As simple table spaces have been deprecated for some time now, a backout from a PBG to a simple table space is impossible. The closest you could achieve would be to unload, drop, recreate as segmented, and then reload.

Making Changes to Existing PBGs

For parameters like DSSIZE, SEGSIZE, MEMBERCLUSTER and BUFFERPOOL (if it is to a different pagesize), these are all Pending Definition Changes (PDCs), so as long as you have a valid combination of parameters, then you can run the ALTER which will put the table space into Advisory REORG status and then REORG with SHRLEVEL CHANGE or REFERENCE, remember that as with all Pending Definition Changes, you need to plan for dependent packages being invalidated at the end of the materialising REORG.

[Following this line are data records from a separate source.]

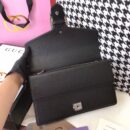 400249 Gucci Dionysus系列小号肩背包 Gucci酒神包 黑色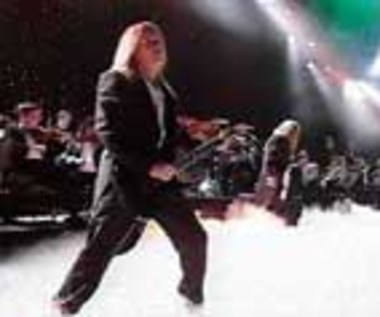 Trans-Siberian Orchestra i historia Europy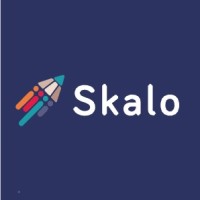SKALO logo - Similar company to BioaAmbientar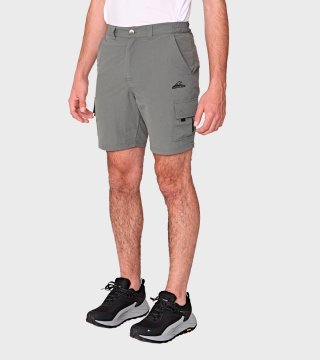 Bermuda de hombre Sherpa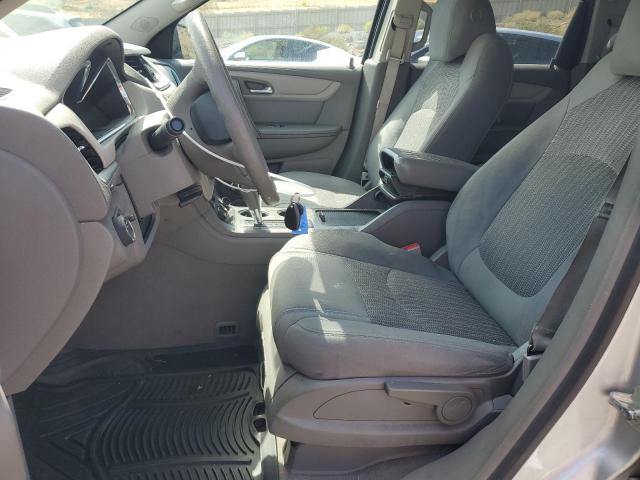 Chevrolet Traverse Ls Image 5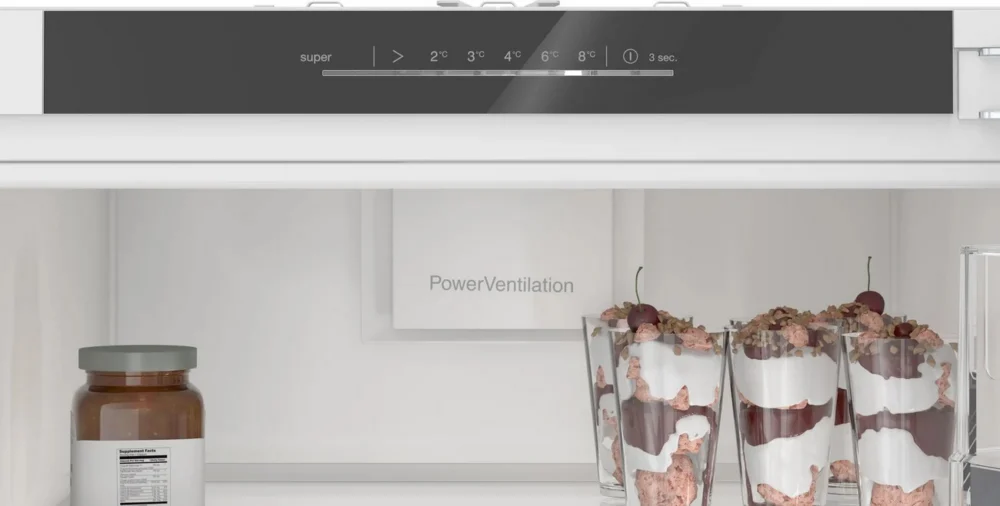 Bosch KIR81ADD0 – pilt 2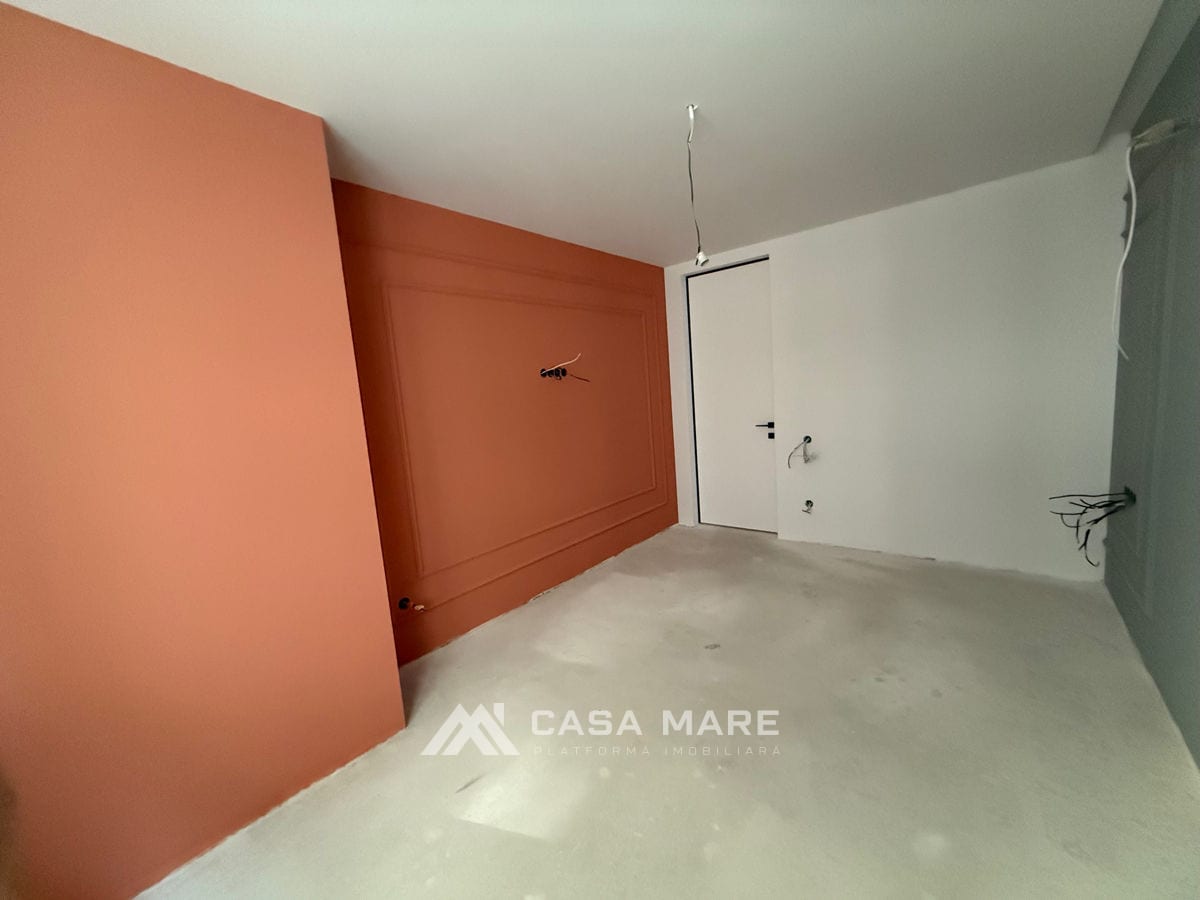 3-комнатная квартира, 88 м², Центр, Кишинёв 13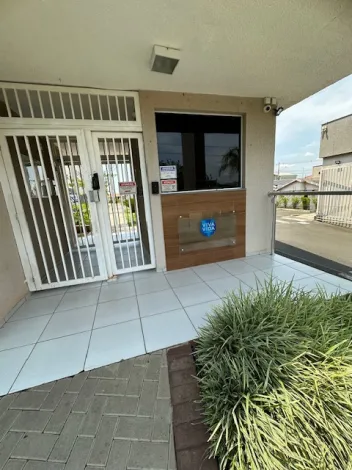 Apartamento novo para locação em Piracicaba com dois dormitórios, banheiro, cozinha, condomínio conta com uma infra estrutura com quadra poli esportiva, playground, churrasqueira.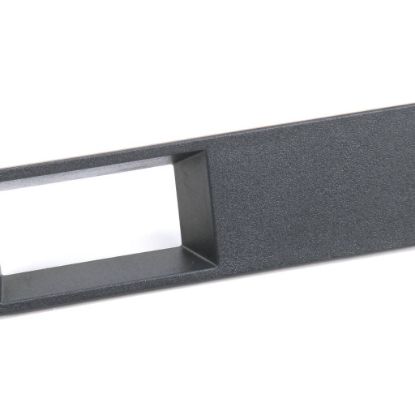 Picture of Scotsman Bezel-control Front Half Part# 02-4284-02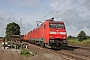Krauss-Maffei 20144 - DB Cargo "152 017-0"
04.08.2016 - Uelzen-Klein Süstedt
Gerd Zerulla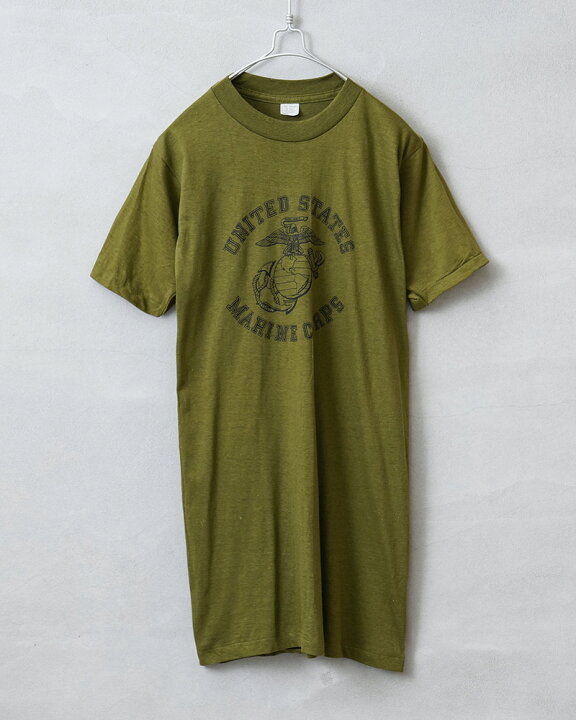 楽天市場】MADE IN USA デッドストック USMC（United States Marine 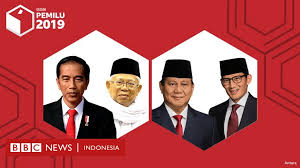 Wiranto berkata, pilihan raya indonesia pada tahun ini, terbesar dalam sehari di dunia, dijalankan secara aman dan telus jakarta: Pilpres 2019 Siapa Sebenarnya Pemilih Jokowi Dan Prabowo Bbc News Indonesia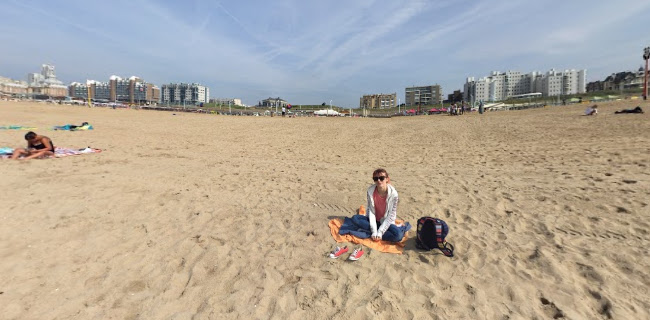 Buena Vista Beach Club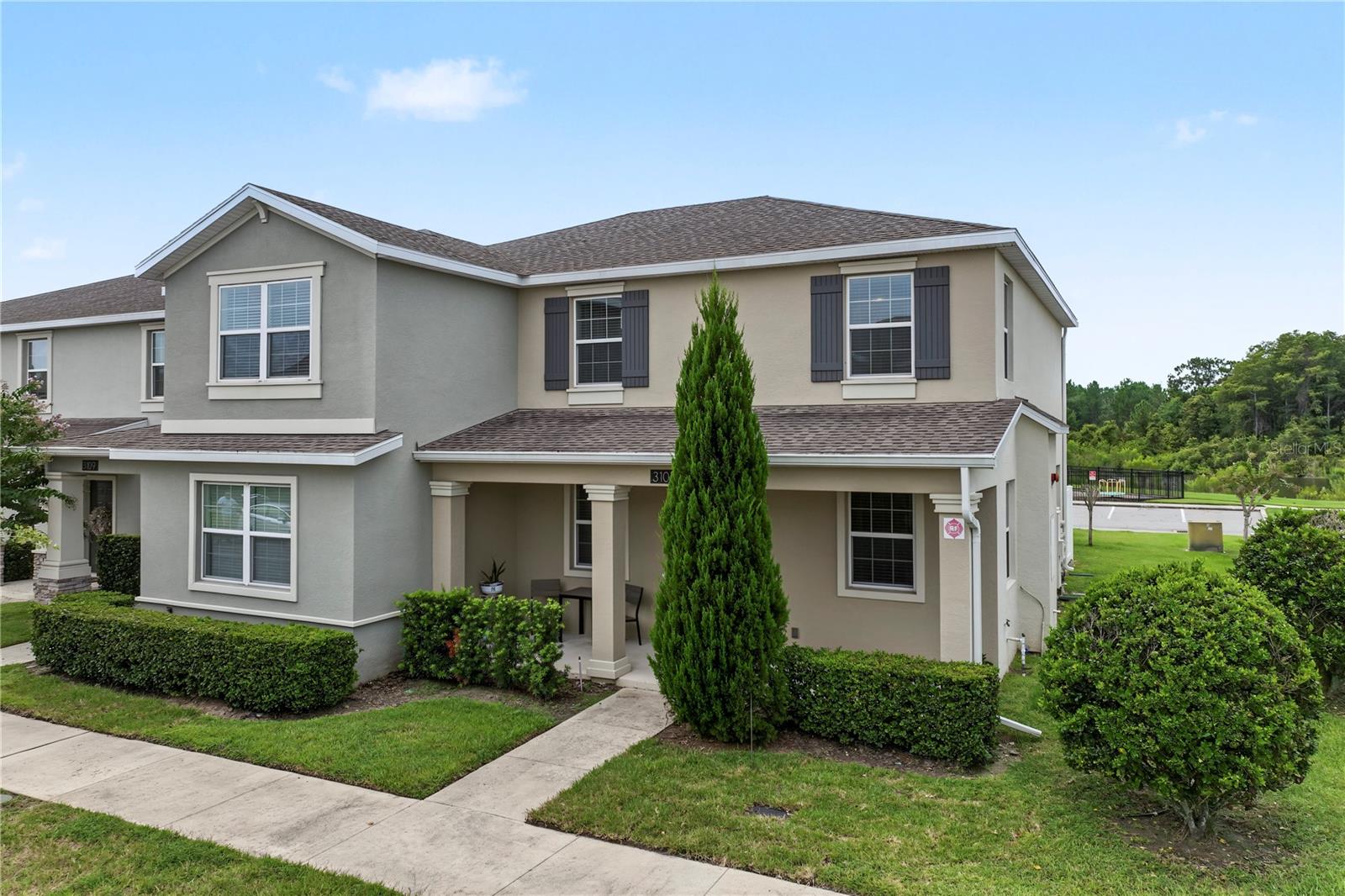 Photo of 3105 AQUA VIRGO LOOP ORLANDO FL 32837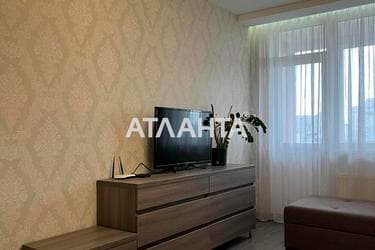1-комнатная квартира по адресу ул. Ломоносова (площадь 45 м²) - Atlanta.ua - фото 38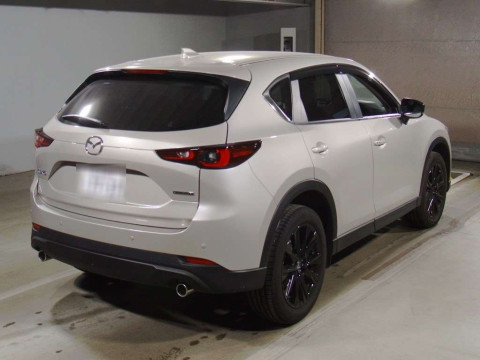 2023 Mazda CX-5 KF2P[1]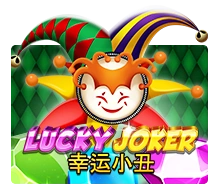 Lucky Joker - TERRABET168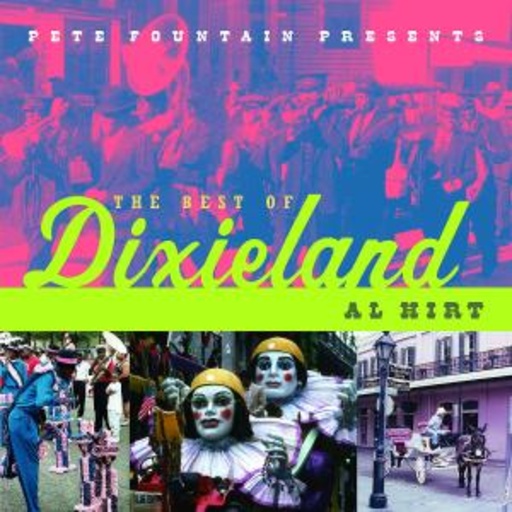 Al Hirt – The Best Of Dixieland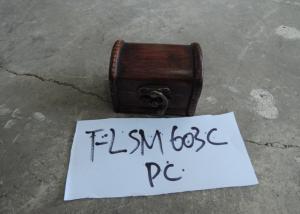 Quality 8x6 Wood Storage Trunks wholesale
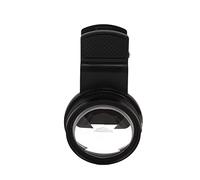 Yctze Caleidoscopio Obiettivo del Telefono Obiettivo della Fotocamera Mobile Caleidoscopio Ottaedrico Lente con Filtro Multi Esterno del Filtro del Telefono Cellulari e Accessori/Accessori/Foto e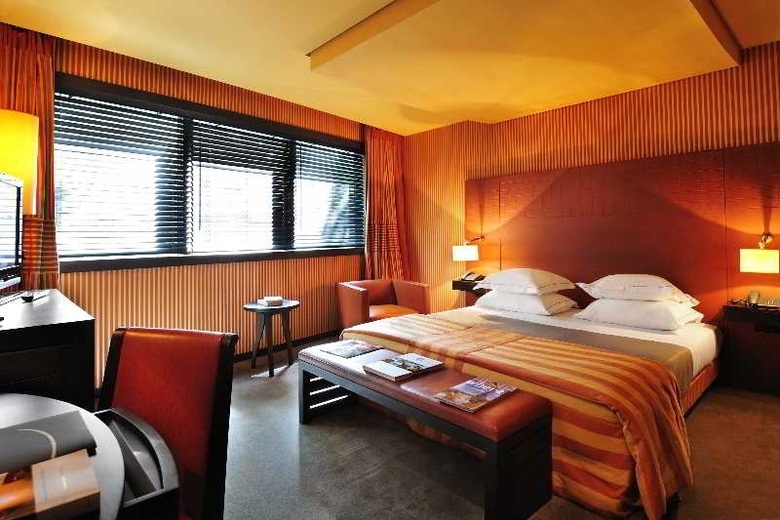 Hotel Cluny Square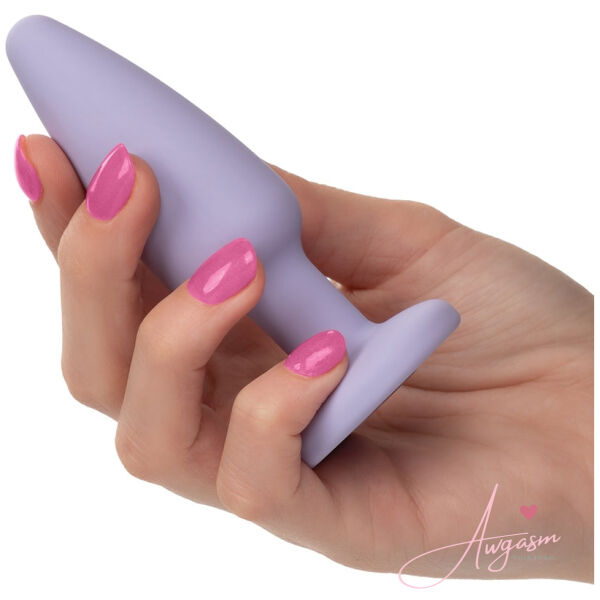 First Time Crystal Booty Kit-Purple - Image 3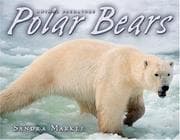 Tapa de Polar Bears (Animal Predators)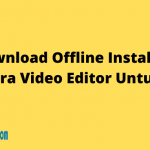 Download Offline Installer Filmora Video Editor Untuk PC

If you need to change the value of MAXPARTITIONS and the table has dependent packages (potentially program, trigger, stored proc and function packages) bear in mind that it is an immediate ALTER (no REORG required) and an increase will invalidate dependent package and therefore requires a REBIND (which could be an auto rebind), but a decrease does not invalidate any packages so no rebind is required.

Dropping unwanted partitions (even if empty) is not possible at Db2 10.  At Db2 11 if you have zParm REORG_DROP_PBG_PARTS set to ENABLE then any REORG of a PBG where there are candidate partitions to drop, will be dropped during the UTILTERM phase. At Db2 12 if you have either the zPARM REORG_DROP_PBG_PARTS set to ENABLE or include DROP_PART YES in your REORG TABLESPACE statement, then empty partitions will be dropped during the UTILTERM phase of the REORG (SHRLEVEL CHANGE or REFERENCE only).

As with all UTS table spaces, from Db2 11, changes which require a materialising REORG can take advantage of the syntax SORTDATA NO RECLUSTER NO. The result is likely to be a greatly improved elapsed time, however, the data will not be any more clustered after the REORG. This syntax can also be used in the materialising REORG when converting to PBG.

Summary

We can see by looking at the advantages and disadvantages, that there’s a time and a place for Partition by Growth table spaces, and establishing that is one of the trickiest things. They can be really useful to help us to get the benefits of UTS in place very quickly and without requiring too much analysis, and we have a reasonable amount of flexibility in getting them to work for us, and grow with our applications. But, we need to remember that with great size, comes painful maintenance, which can be made more painful with PBGs.